RECORDS below:
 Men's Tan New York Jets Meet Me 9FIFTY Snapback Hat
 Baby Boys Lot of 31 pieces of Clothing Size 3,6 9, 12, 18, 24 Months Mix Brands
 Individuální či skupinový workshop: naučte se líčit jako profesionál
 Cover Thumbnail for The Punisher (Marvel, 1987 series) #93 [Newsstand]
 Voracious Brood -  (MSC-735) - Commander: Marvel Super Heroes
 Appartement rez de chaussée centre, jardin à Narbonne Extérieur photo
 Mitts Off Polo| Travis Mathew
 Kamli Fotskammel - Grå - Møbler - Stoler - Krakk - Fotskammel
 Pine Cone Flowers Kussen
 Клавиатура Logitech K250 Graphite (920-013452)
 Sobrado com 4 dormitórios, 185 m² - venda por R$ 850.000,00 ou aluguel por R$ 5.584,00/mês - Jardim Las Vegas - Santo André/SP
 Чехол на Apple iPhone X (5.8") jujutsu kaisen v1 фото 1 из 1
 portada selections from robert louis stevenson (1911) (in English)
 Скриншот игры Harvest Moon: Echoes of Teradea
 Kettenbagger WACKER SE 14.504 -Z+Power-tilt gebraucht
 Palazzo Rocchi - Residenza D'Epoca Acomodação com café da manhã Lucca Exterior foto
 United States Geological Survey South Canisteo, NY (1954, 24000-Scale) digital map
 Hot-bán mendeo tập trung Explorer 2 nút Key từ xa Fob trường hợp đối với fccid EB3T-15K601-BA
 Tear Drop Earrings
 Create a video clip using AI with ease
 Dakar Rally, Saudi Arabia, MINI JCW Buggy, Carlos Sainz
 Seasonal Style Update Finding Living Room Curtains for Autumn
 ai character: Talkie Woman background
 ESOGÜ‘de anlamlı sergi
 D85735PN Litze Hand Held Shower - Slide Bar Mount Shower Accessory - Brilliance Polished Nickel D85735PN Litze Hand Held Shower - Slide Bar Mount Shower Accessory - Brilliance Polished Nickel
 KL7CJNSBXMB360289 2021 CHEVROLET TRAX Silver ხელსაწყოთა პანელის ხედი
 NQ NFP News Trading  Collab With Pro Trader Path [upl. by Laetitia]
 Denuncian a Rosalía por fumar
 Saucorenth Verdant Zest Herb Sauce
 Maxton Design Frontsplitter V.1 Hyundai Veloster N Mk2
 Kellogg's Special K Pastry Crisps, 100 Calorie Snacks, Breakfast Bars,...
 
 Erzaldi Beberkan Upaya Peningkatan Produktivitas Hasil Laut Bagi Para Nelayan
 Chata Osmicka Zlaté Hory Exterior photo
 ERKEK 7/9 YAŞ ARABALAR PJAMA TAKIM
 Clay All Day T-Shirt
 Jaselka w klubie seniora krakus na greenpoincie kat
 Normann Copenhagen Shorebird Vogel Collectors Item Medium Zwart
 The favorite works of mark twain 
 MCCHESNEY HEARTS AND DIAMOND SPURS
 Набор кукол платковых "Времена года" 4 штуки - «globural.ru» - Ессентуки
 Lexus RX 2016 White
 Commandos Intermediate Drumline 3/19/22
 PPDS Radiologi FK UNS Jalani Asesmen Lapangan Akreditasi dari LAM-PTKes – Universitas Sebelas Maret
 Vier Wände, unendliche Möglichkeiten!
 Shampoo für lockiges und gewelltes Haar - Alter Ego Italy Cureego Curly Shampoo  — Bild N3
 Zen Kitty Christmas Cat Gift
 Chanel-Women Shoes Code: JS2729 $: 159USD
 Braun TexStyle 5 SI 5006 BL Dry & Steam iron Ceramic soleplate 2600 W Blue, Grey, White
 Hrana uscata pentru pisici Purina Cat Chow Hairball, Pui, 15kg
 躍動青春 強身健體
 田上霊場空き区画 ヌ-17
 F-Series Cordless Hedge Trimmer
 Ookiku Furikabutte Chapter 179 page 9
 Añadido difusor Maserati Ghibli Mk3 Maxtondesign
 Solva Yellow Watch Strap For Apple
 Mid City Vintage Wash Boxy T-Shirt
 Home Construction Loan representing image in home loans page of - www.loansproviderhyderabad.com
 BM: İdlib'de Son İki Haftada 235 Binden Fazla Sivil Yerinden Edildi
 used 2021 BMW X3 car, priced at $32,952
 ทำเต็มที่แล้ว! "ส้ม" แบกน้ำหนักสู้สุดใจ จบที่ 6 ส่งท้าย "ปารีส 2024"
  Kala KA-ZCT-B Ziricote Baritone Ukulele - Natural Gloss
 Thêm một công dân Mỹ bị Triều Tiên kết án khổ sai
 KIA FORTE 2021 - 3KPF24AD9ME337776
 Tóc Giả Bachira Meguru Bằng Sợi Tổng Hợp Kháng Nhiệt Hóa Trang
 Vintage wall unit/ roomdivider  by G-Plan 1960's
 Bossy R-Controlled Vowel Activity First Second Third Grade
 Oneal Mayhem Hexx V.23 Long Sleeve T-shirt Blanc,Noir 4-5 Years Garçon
End of RECORDS.
The job here is to find each line above with the word "Exterior" and copy it.

 Palazzo Rocchi - Residenza D'Epoca Acomodação com café da manhã Lucca Exterior foto
 Chata Osmicka Zlaté Hory Exterior photo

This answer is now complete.